Canadian academic, intellectual and writer Anne Carson began her career as a classicist, with particular interest in classical Greek texts.
Canadian academic, intellectual and writer Anne Carson began her career as a classicist, with particular interest in classical Greek texts. Carson’s interest in relating classical literature to a contemporary context led to a fascination with the concept of translation.
“Translation is a big thing in Carson’s work,” says Leisa Shelton, one-fifth of local performance collective Fragment 31. “To Carson, translation is more than a literal translation. Language has certain rules and qualities, and it’s those rules and qualities that we’re using in the performance,” Shelton says.

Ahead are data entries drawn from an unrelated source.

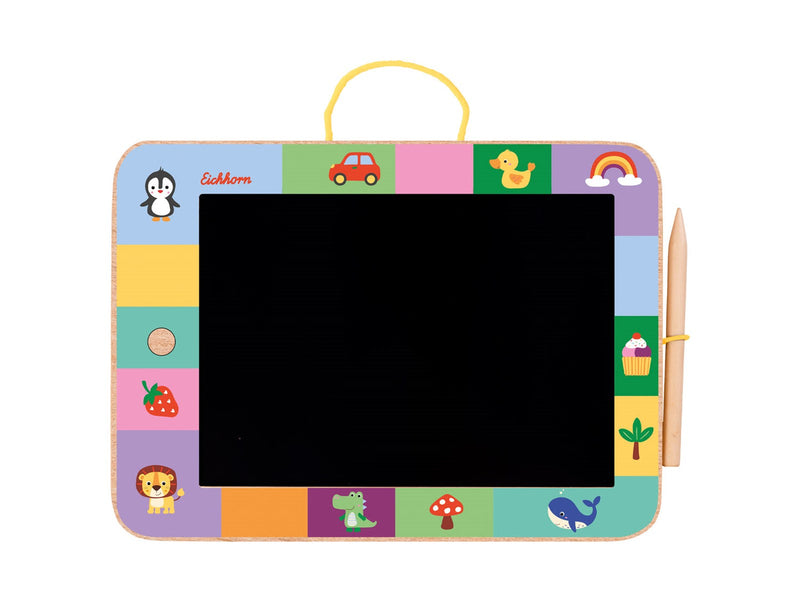 Eichhorn  Drawing Board LCD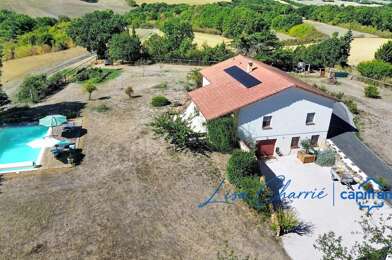 Maison 4 pièces 323000 €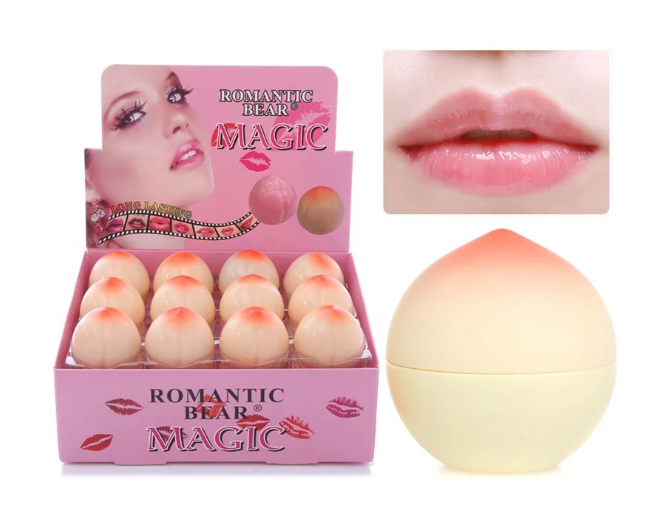 Creative Fairy Lipstick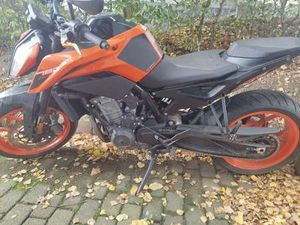 KTM 790 DUKE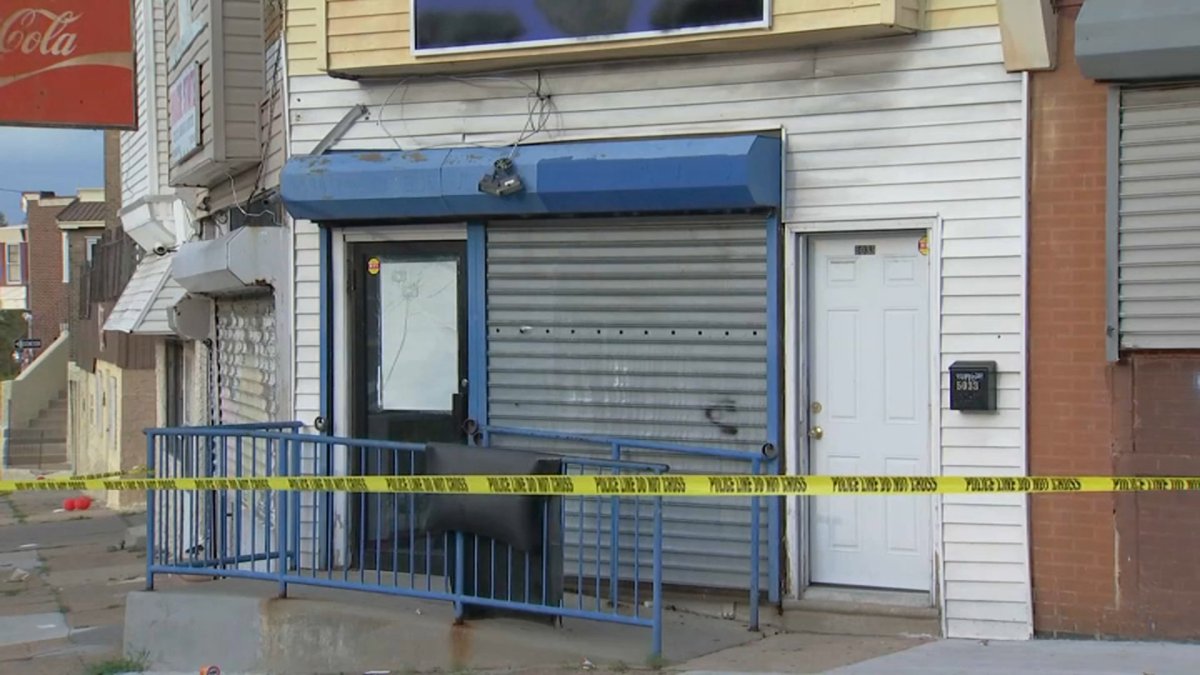 Pleito en barbería deja el saldo de niñito, de cuatro años, herido en Rising Sun Avenue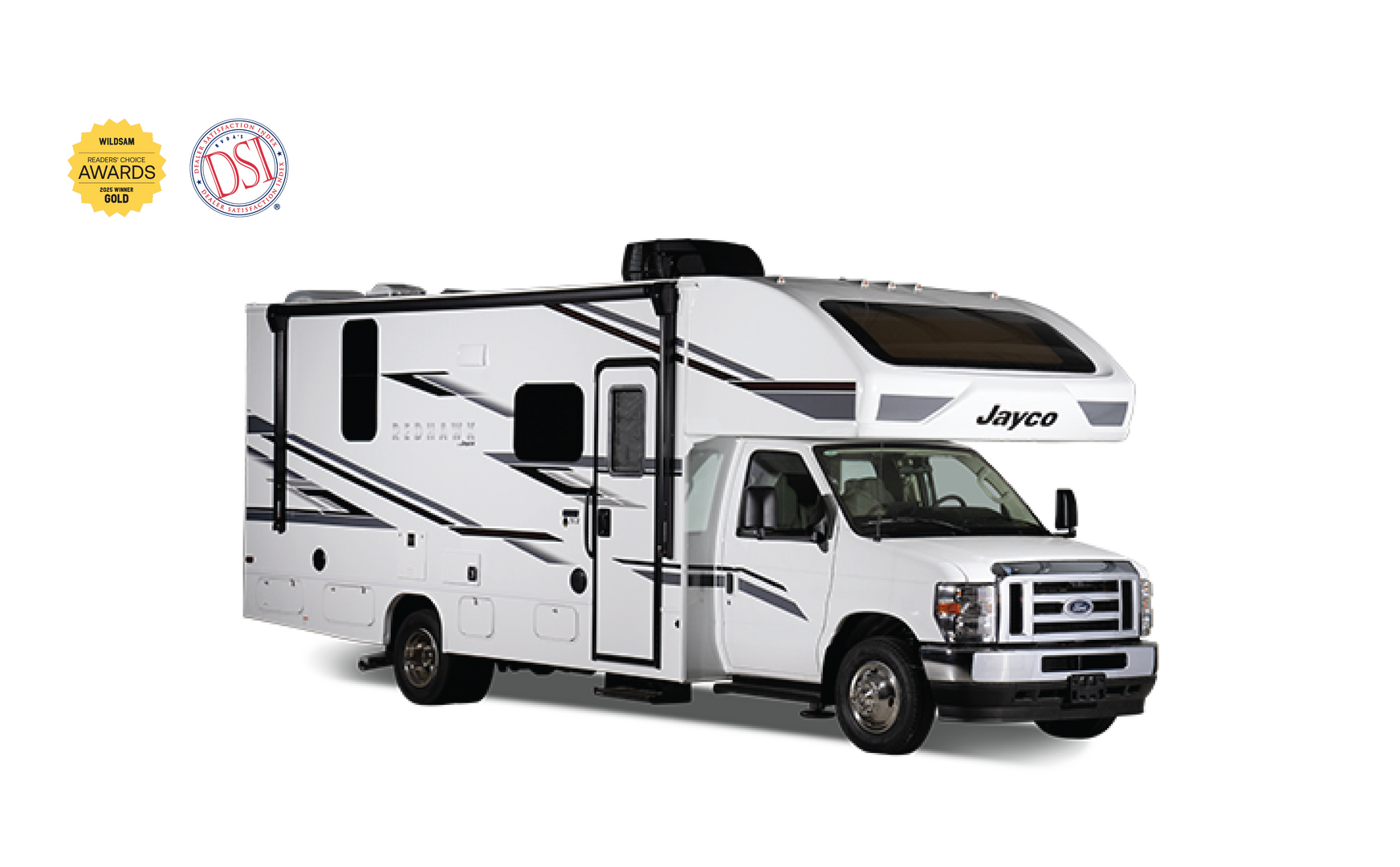 2027 JAYCO REDHAWK 24B - Stock Image 4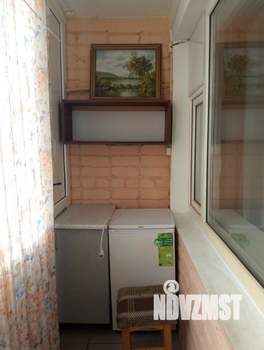 Студия квартира, вторичка, 16м2, 4/5 этаж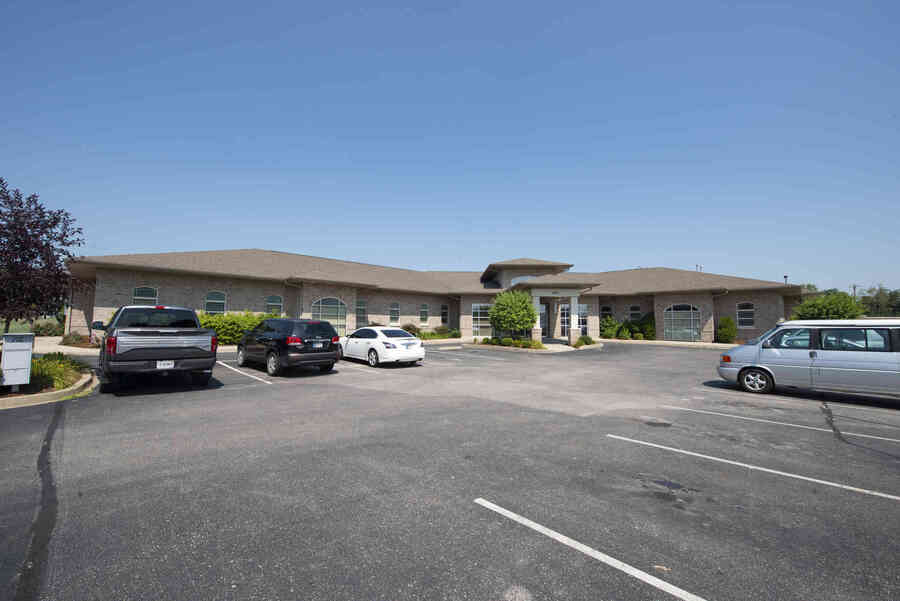 Baptist Health Medical Group Family Medicine
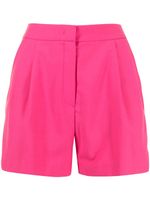 pushBUTTON short à pinces - Rose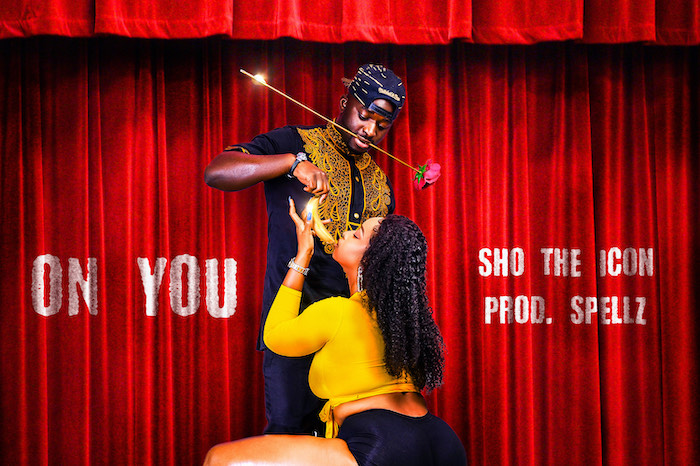 Sho The Icon Good On You mp3 download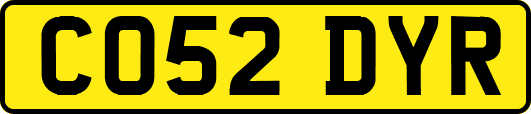 CO52DYR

Shelton was approached about five years ago by Luke Mullins to assist in the adaptation of Carson’s Autobiography of Red. Shelton was unfamiliar with Carson’s work at the time; it didn’t take long, however, for Shelton to become fascinated with, and immersed in Carson’s literary output and ideas. “I read of all of her work,” Shelton says. “Because of the time on that project I got more interested in Anne Carson’s books and essays. There is no much in it that it actually becomes something of a quest.” In 2006 Shelton joined Mullins and fellow performance artists Anna Cordingley and Jethro Woodward to form the Fragment 31 collective to bring Mullins’ Autobiography of Red live performance concept to the stage. Not surprisingly, Carson’s fans are as passionate as they are relatively few in number; Shelton says the response from Carson aficionados was overwhelmingly positive. “That show went really well,” Shelton says. “It was on the back of that that we consolidated our partnership. You don’t see shelves and shelves of Anne Carson’s work, but the contingent of Anne Carson readers are very positive. And with Autobiography of Red we had a lot of people come along, and they really liked what we were doing,” she says.
With the addition of Jen Hector to the collective in 2009, Fragment 31 set about developing a second adaptation of Carson’s work. This time around the inspiration came from the essay ‘Irony Is Not Enough: Essay On My Life as Catherine’ from Carson’s 2000 collection Men In the Off Hours. The subject of the essay –a writer and academic imagining herself as French cinema icon Catherine Deneuve, pondering the emotional, moral and ethical aspects of a relationship with a female student – provides Carson with the opportunity to further explore the concept of translation. Shelton’s interest in the essay derives from both Carson’s unique literary style, and the ideas explored in the essay itself. “Because it’s not written as a novel or verse,” Shelton says. “And the idea behind it is fascinating – that one way to fulfil your desire is to create another persona. The writing itself is raw and visceral. The complexity of layers in the essay is tantalising,” she says.
Irony Is Not Enough makes regular reference to Deneuve’s extensive film career and her very “iconic and complex” cinematic character. While Deneuve is an instantly recognisable image, it’s the enigmatic aspect of Deneuve’s character that Carson draws from. “When we think of Catherine Deneuve we think of her as an image – we know very little about her personally,” Shelton says. “She always belonged to someone else – to Polanski, to Vadim – and it’s the part of her character that Carson taps into,” she says. In the live performance the five members of Fragment 31 are “involved in different aspects of figurative language”. The performance itself utilises the techniques of cinema to translate Carson’s essay to a live setting. “The work is performed in a filmic style, rather than a theatrical style,” Shelton says. “The performance using filmic language and techniques – including the use of lighting – to go from a perfectly realised moment to a wider context,” she says.
The distinction between the literary form and performance medium is an important aspect of Fragment 31’s translation of Irony Is Not Enough. “As a reader you attach to a text purely and personally,” Shelton says. “Theatre is about trying to find enough common points of reference for the audience to share. When you’re the reader it’s entirely personal, but theatre is about finding a wider frame.”
Fragment 31 has received the authorisation and blessing from Carson for the live performance, though the collective’s direct contact with Carson has been minor. “We have been in dialogue with her, but we don’t talk to her directly. When Luke talks with her, he talks about the show generally, but not in detail. She has strong trust in us. It’s very generous for a writer to give you their work. But you need to have that trust – other than that they have to be in the room with you. In between it just gets messy,” Shelton says.
Irony Is Not Enough plays at The Arts House Meat Market in North Melbourne from Wednesday November 17 – Saturday November 20, with previews on Tuesday November 16. It’s $25/$18 and you can book at artshouse.com.au or 9322 3713. More information is available at ironyisnotenough.tumblr.com.